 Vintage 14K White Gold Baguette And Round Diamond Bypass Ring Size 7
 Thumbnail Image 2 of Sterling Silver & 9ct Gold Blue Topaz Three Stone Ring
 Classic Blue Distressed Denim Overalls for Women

•••

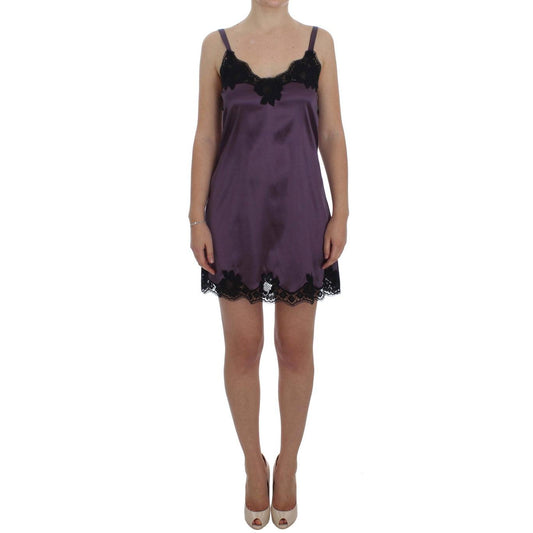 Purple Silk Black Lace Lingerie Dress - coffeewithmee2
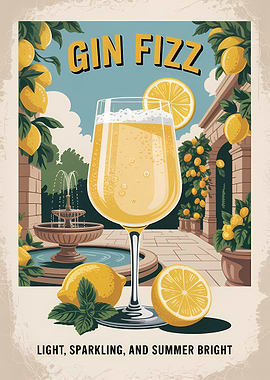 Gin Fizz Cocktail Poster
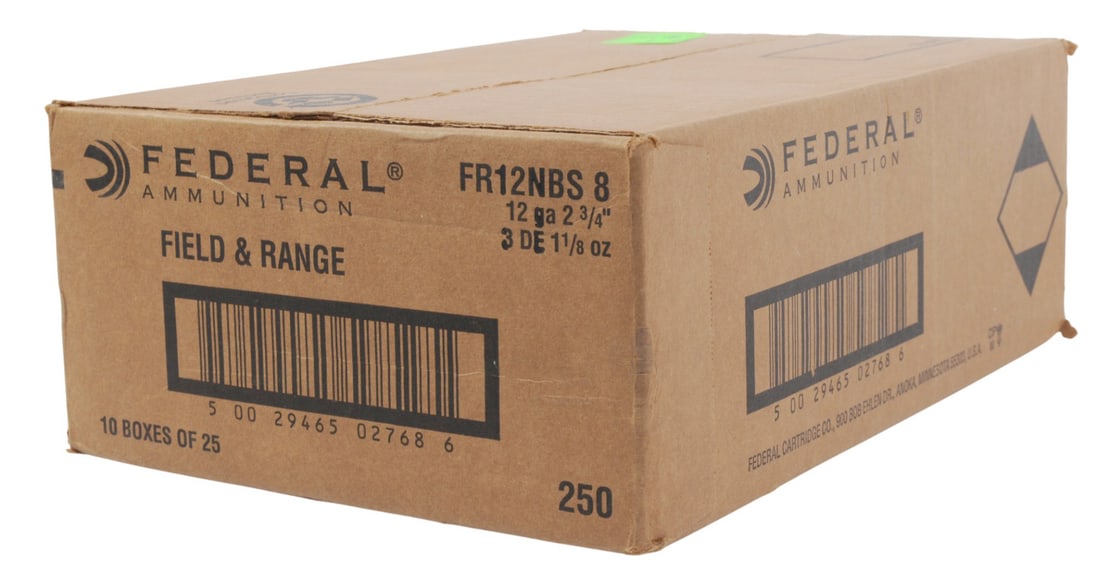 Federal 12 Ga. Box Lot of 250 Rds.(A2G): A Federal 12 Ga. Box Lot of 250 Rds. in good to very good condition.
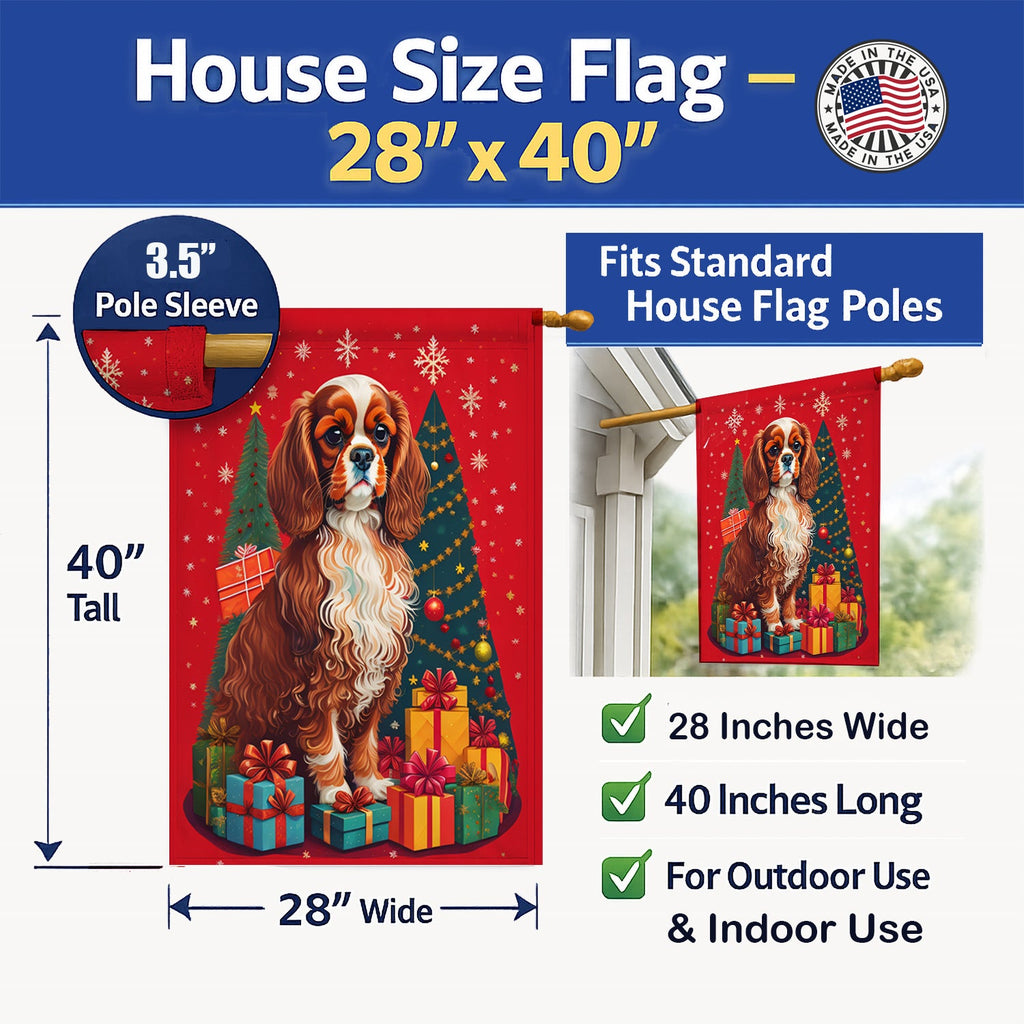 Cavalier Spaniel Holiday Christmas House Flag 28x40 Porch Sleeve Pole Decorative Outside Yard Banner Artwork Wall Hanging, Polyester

•••

What you will do -> Give back exactly the lines above, from the line containing "Vintage 14K White" through the line containing "Classic Blue Distressed", with both end lines and nothing more.

Response box ->
 Vintage 14K White Gold Baguette And Round Diamond Bypass Ring Size 7
 Thumbnail Image 2 of Sterling Silver & 9ct Gold Blue Topaz Three Stone Ring
 Classic Blue Distressed Denim Overalls for Women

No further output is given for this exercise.